From the listing below, copy only the lines running from the line that contains "Major Accident - Massacred" to the line that contains "than a booger&quot;", both included.

Records to use:
BEGIN
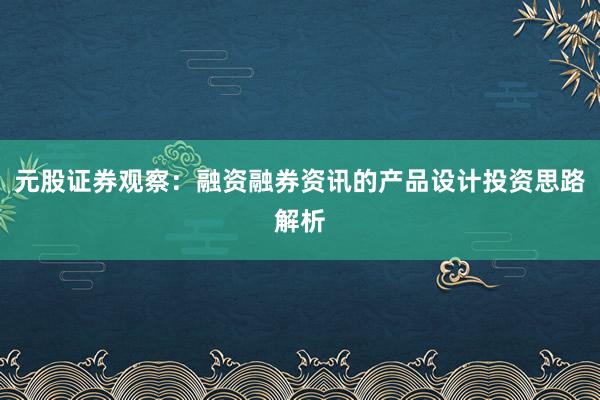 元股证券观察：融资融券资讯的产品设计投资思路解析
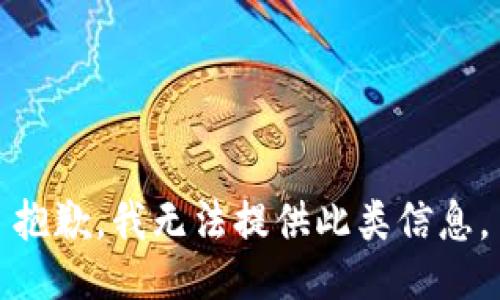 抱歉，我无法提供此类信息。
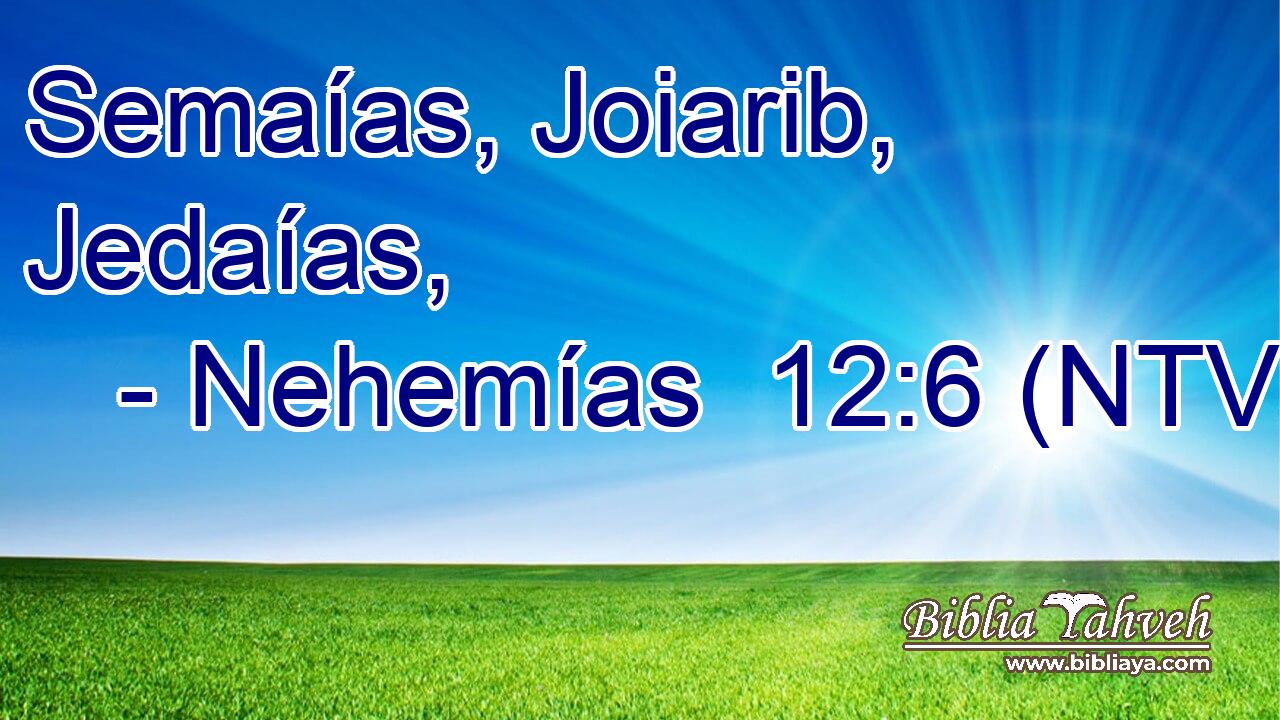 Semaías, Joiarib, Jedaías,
END
BEGIN
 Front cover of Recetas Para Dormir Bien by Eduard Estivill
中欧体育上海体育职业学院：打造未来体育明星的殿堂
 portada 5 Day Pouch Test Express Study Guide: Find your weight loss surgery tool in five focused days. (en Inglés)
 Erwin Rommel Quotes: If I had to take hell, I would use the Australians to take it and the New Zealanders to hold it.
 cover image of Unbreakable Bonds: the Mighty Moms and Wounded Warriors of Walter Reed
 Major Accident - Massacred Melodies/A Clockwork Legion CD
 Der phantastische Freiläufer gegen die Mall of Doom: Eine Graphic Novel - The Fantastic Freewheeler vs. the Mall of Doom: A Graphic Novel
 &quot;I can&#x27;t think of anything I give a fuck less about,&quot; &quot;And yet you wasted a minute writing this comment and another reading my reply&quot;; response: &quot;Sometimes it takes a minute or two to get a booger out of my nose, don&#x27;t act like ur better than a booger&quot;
END
BEGIN
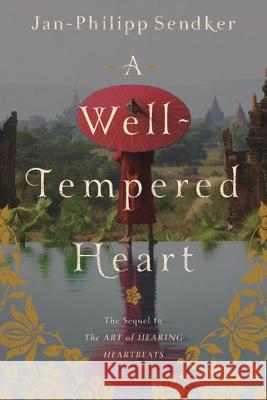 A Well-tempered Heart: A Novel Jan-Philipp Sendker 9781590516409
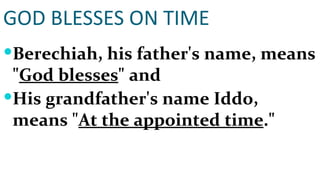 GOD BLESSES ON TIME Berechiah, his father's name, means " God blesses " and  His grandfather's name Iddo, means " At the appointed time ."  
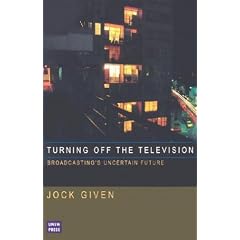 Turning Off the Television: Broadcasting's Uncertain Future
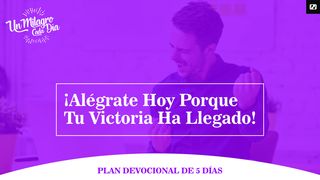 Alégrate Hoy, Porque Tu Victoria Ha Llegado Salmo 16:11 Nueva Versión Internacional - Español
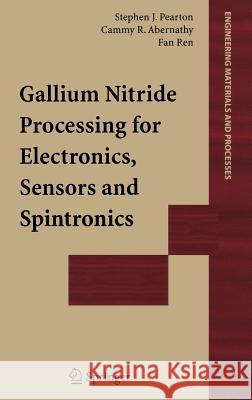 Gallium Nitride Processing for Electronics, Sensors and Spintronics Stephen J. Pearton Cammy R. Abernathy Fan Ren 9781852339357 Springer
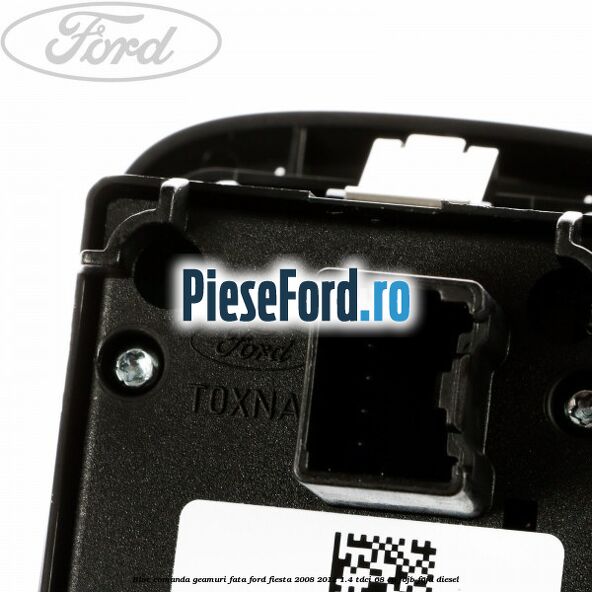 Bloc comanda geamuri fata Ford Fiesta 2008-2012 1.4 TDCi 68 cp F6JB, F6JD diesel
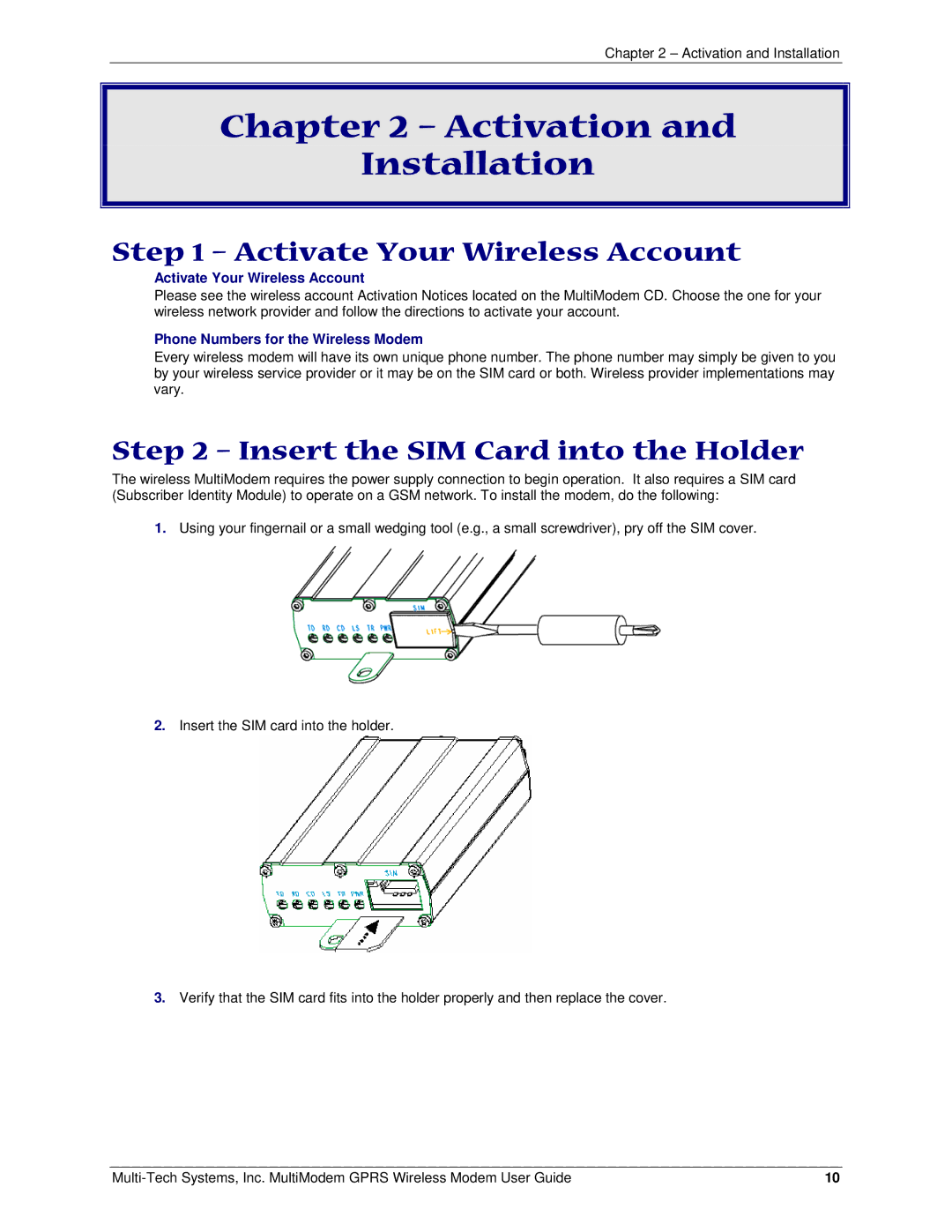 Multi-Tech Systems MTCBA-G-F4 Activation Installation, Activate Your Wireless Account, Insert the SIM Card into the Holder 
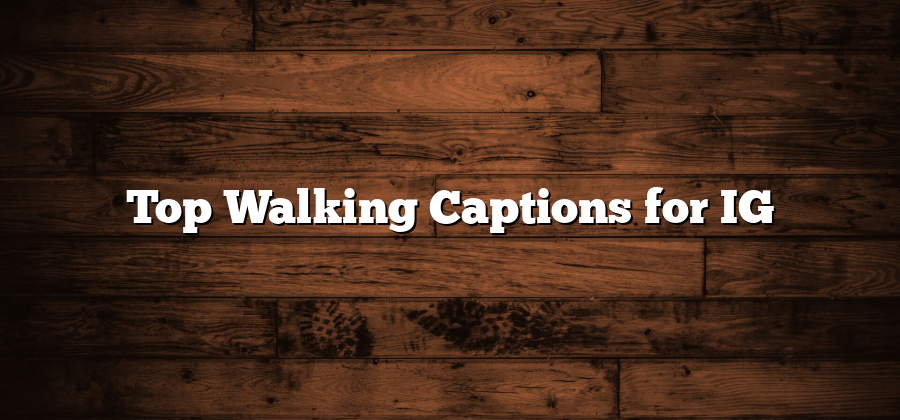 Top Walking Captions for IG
END
Problem solution:
 Major Accident - Massacred Melodies/A Clockwork Legion CD
 Der phantastische Freiläufer gegen die Mall of Doom: Eine Graphic Novel - The Fantastic Freewheeler vs. the Mall of Doom: A Graphic Novel
 &quot;I can&#x27;t think of anything I give a fuck less about,&quot; &quot;And yet you wasted a minute writing this comment and another reading my reply&quot;; response: &quot;Sometimes it takes a minute or two to get a booger out of my nose, don&#x27;t act like ur better than a booger&quot;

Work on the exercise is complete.